Il metodo d’indagine
L'antropologo polacco Bronisław Malinowski, è andato oltre le regole di  Notes and Queris del Frazer, proponendo un nuovo approccio alla ricerca etnografica. E’ il metodo dell'osservazione partecipante, dove l’antropologo deve “vivere proprio in mezzo agli indigeni”.  Questa scelta presuppone che il ricercatore viva con i nativi, cercando di entrare in un rapporto empatico con essi, osservando e capendo il loro punto di vista, le loro emozioni, convinzioni e, in generale, il loro mondo. In sostanza, capire dall'interno. Questo non significa solo essere distaccati, ma compartecipi, nelle grandi ritualità come nei particolari quotidiani. Dovrà raccogliere tutti gli aspetti culturali, sia delle persone comuni che dei capi, dei religiosi, dei politici come degli intellettuali. La trasmissione del sapere tra nativo e ricercatore può stabilirsi maggiormente all’interno del gruppo stesso. La sua deve divenire una gara nella comprensione e conservazione della memoria collettiva (scritta, orale e quotidiana) del gruppo sociale studiato nel suo contesto.

La realtà “alra”
Operare sul campo significa soprattutto cogliere le diverse consuetudini, i significati ed interpretazioni culturali, ma anche i diversi punti di vista, insomma, conoscere la realtà altra. Perciò va fatta una grande attenzione verso i modi di esprimersi degli individui della comunità, che sono i veri portatori di significati, di senso e dei valori della loro esistenza.
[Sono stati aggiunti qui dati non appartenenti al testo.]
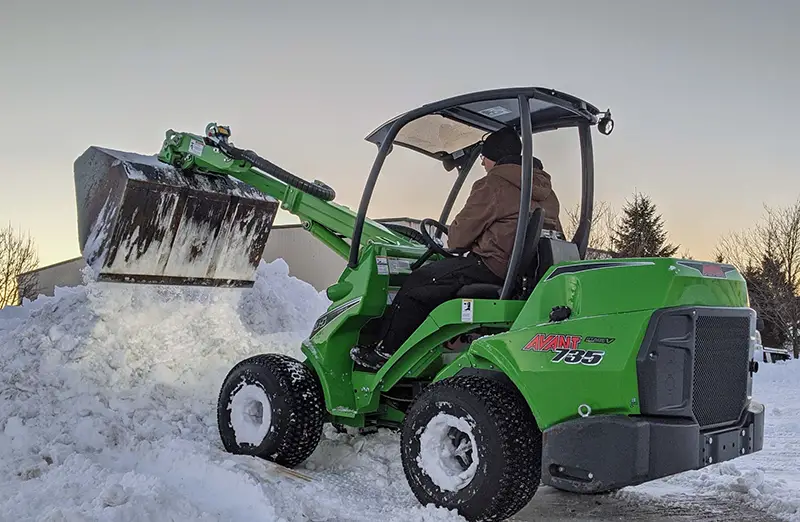 Avant Tecno Articulating Wheel Loader model 735 with bucket moving snow with a general bucket.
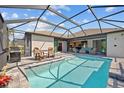 Inviting screened-in pool area with comfortable lounge seating, perfect for relaxation and outdoor entertainment at 111 Britt Rd, Rotonda West, FL 33947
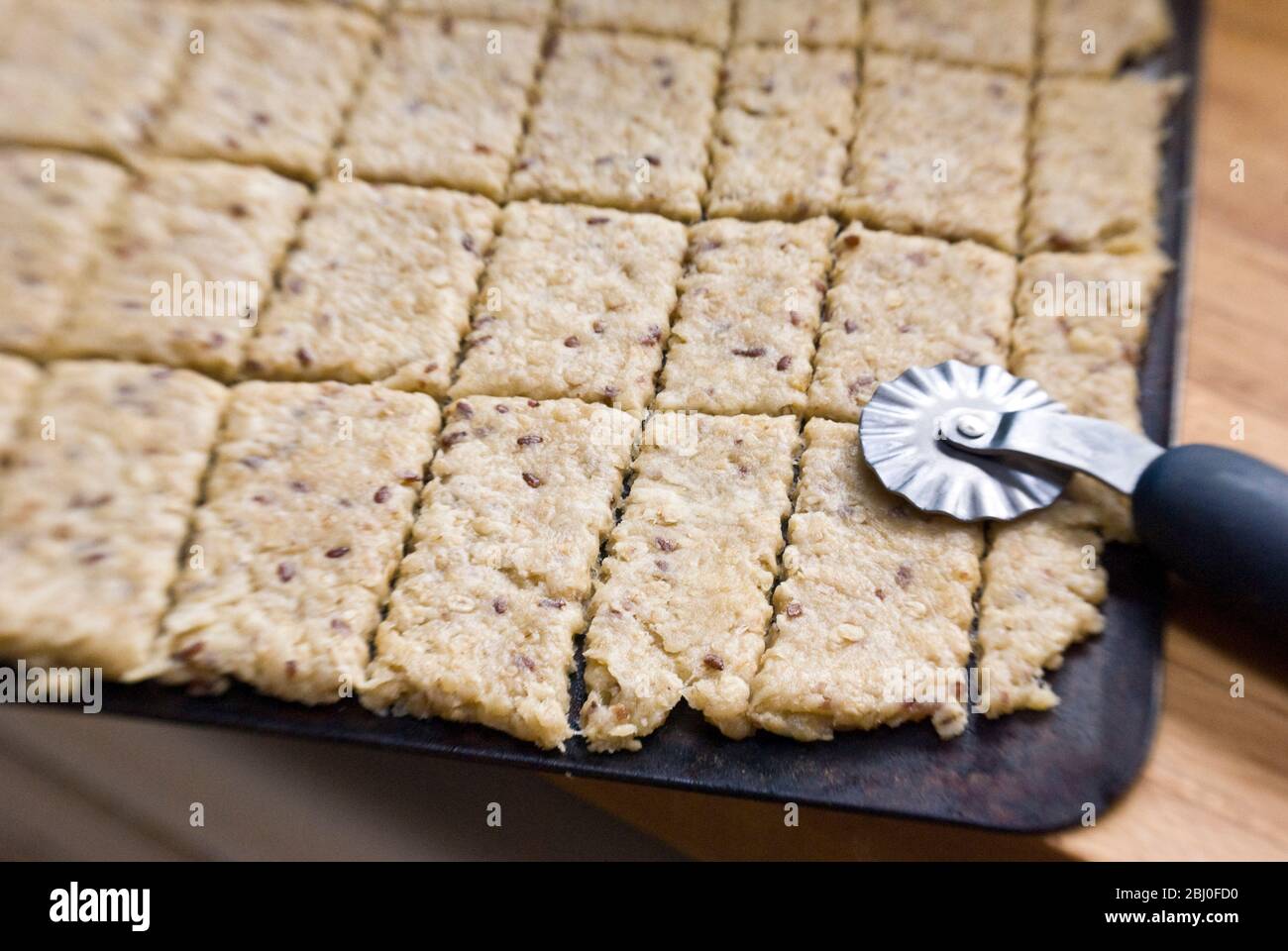 Ausstechteig auf Backblech ausgerollt, mit Teigmesser geschnitten, bevor er in den Ofen geht - Stockfoto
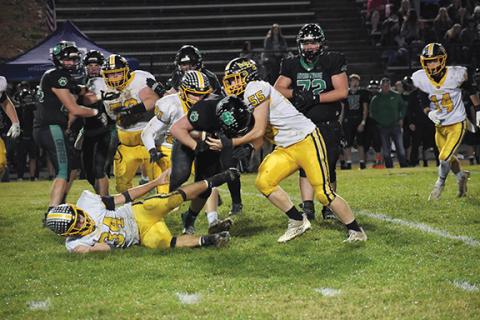 Justin Fitzgerald/sports@cherokeescout.com Murphy’s Joe Swain (55) starts to wrap up Mountain Heritage’s Logan Huskins during the Bulldogs’ 22-10 win over the Cougars on Friday night. Against Mountain Heritage, Murphy did not allow an offensive touchdown.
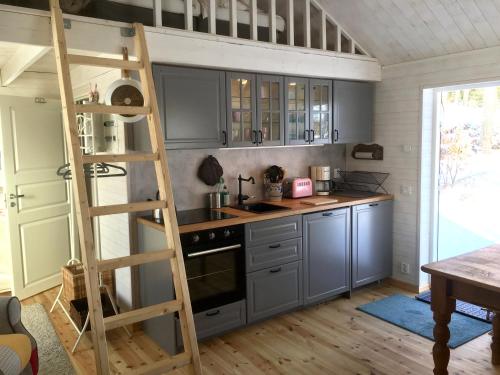 una cocina con armarios grises y una escalera en Pippis Cottage en Tingsryd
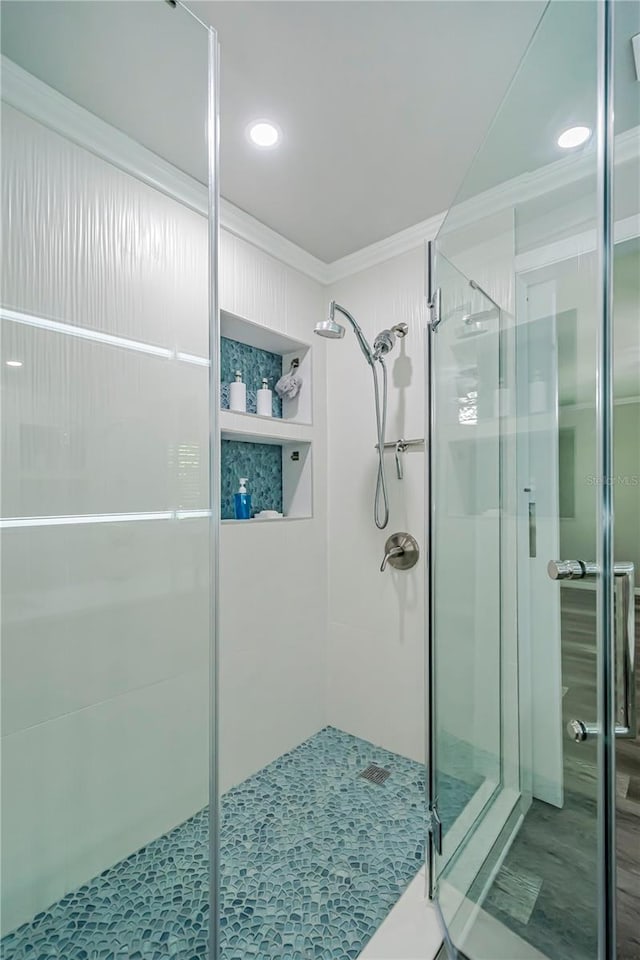 bathroom featuring an enclosed shower and ornamental molding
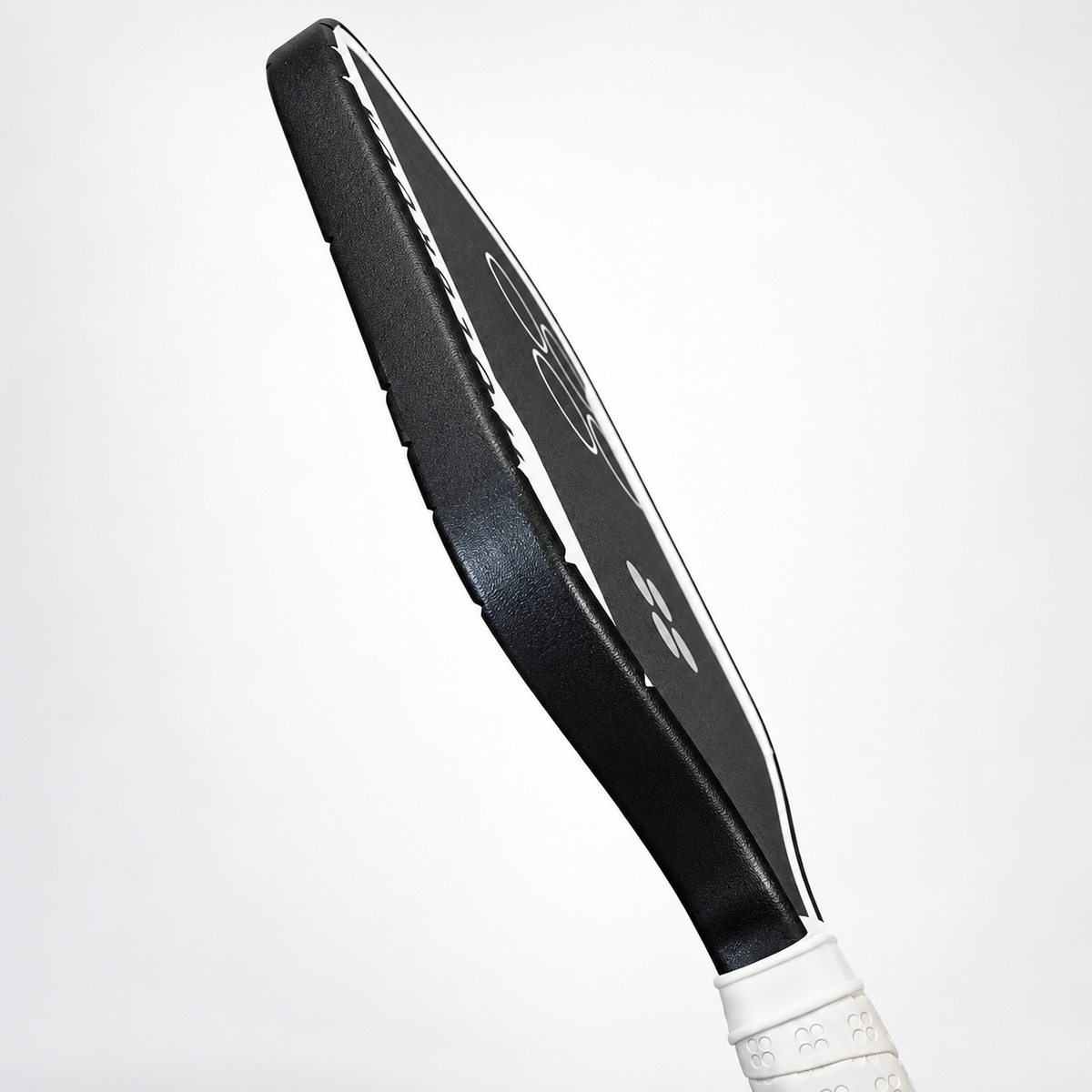 Side profile of black WPS edge tape installed along the perimeter of a pickleball paddle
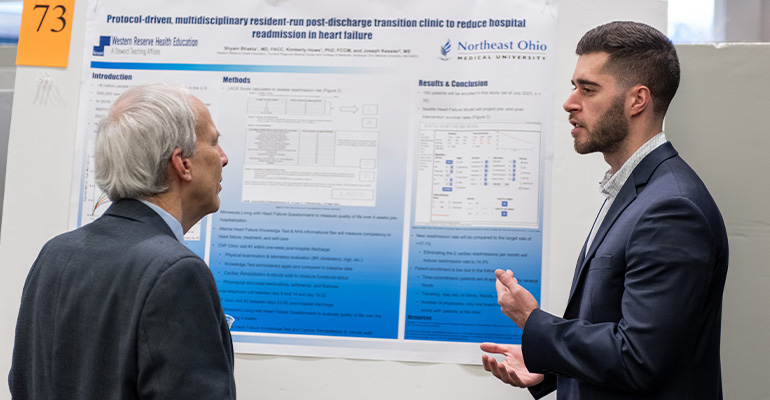 white haired man listens to a young man with beard talk about a scholarly poster.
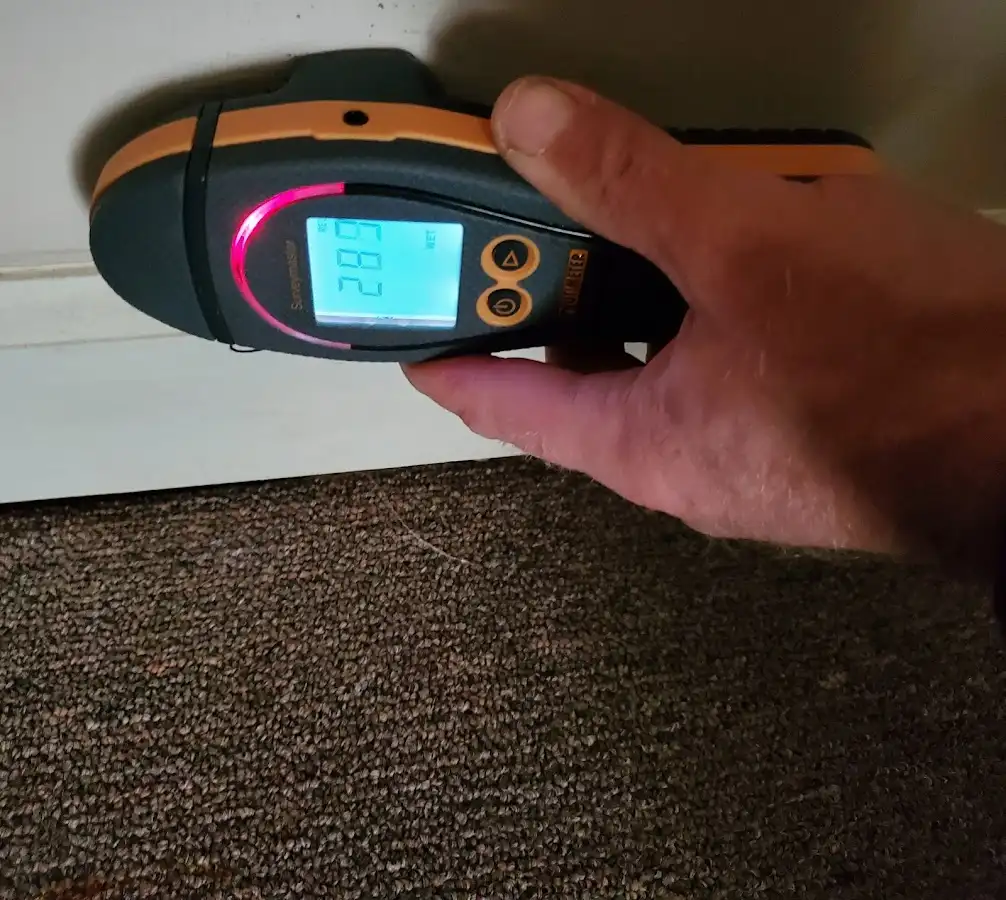 Moisture detection at baseboard during Sewage Cleanup & Sanitation in Dunwoody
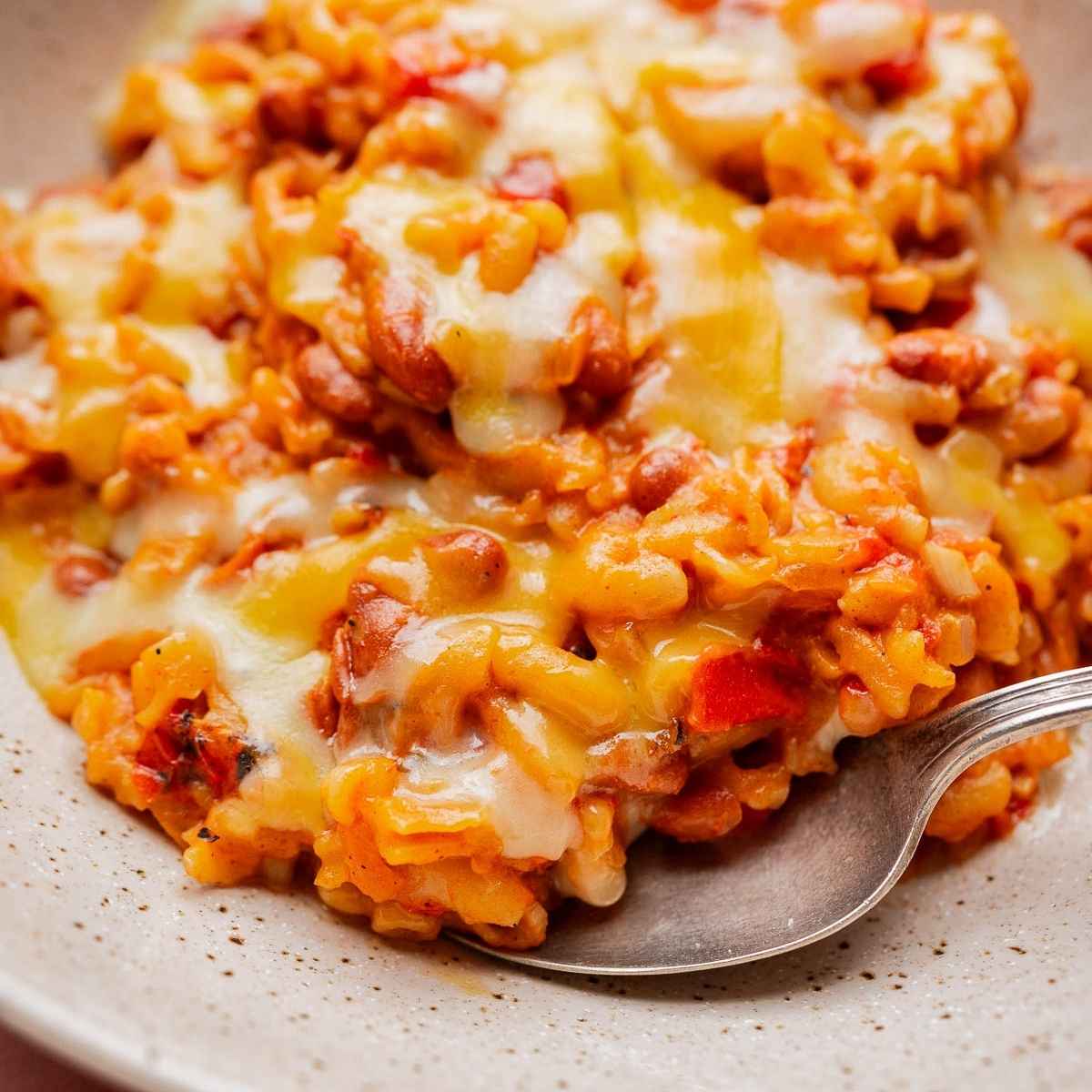 A close-up of cheesy Mexican rice with beans and vegetables, reminiscent of slow cooker chili mac, topped with melted cheese and served on a speckled plate with a spoon.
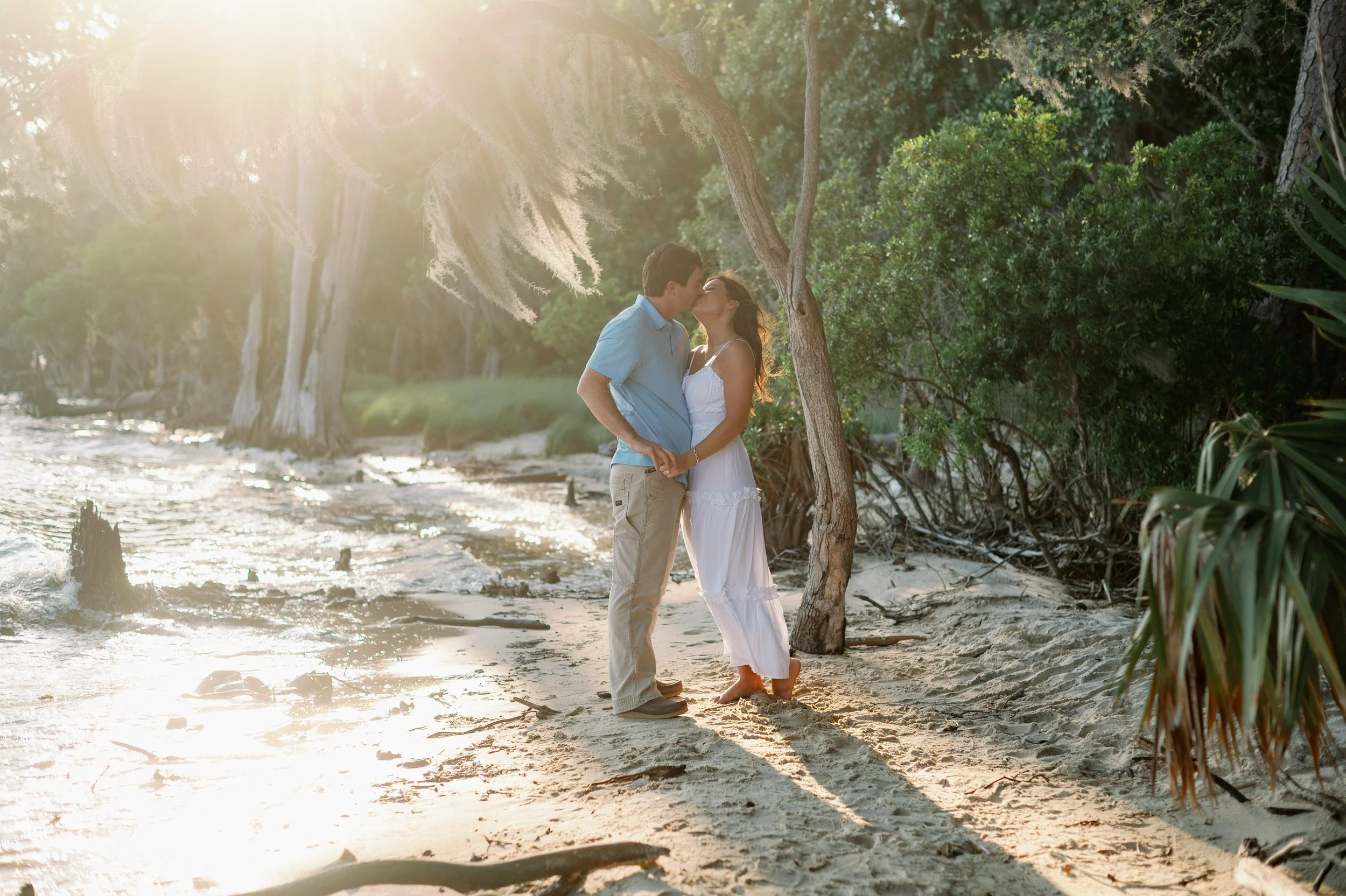 Couple sharing a kiss on the Pamlico River shoreline surrounded by golden backlight and Spanish moss draped trees at Goose Creek State Park in Washington NC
Il problema del “contatto” e della comprensione è tutt’altro che secondario o teorico. Proprio Bronisław Malinowski, dopo aver effettuato una campagna  d’indagini nelle isole Trobriand, si pose la questione di quanto l'antropologo, calatosi nella comunità,  possa cogliere del punto di vista reale del nativo. Le informazioni, infatti, che raccoglie l’antropologo non sono equiparabili ad oggetti o a materiali comunque inerti. Quello che egli coglie possiede sempre un significato “vivo”, in quanto facente parte della comunità stessa, dei propri valori e, se vogliamo, della propria quotidianità.
Ma non basta. Il contatto tra antropologo e indigeno è, a tutti gli effetti, un contatto tra persone. I dialoghi tra loro possono essere lacunosi, imperfetti, personali e non generalizzabili, oppure apparentemente minori ed invece dal grande valore strutturale. L’antropologo Griaule, nel libro Il metodo dell'etnografia, dove egli descrive la sua indagine sul popolo dei Dogon del Sudan, sottolinea proprio quest’aspetto, aggiungendo anche la difficoltà a reperire gli stessi oggetti, da sottrarre ad un individuo, che non ne capisce il perché. Tale difficoltà pratica, mette in risalto tutta la necessaria abilità dell’antropologo, quasi una cultura del contatto. A dimostrazione di ciò, lo stesso trattato del Griaule, sui Dogon del Sudan, venne criticato , con l’accusa di aver dato troppa importanza alle asserzioni dei nativi.

Analizzando nuove comunità “altre” si può anche riflettere sulla propria società e cultura. Superati i pregiudizi, anche non voluti, la comparazione con la propria cultura dev’essere egualitaria. Bisogna, cioè, uscire dal preconcetto che i propri valori siano superiori a quelli dei gruppi analizzati, in un ottica etnocentrica, né tantomeno base del proprio giudizio. Il contatto con culture altre, permette un ripensamento generale dei propri valori in un orizzonte più ampio e complesso.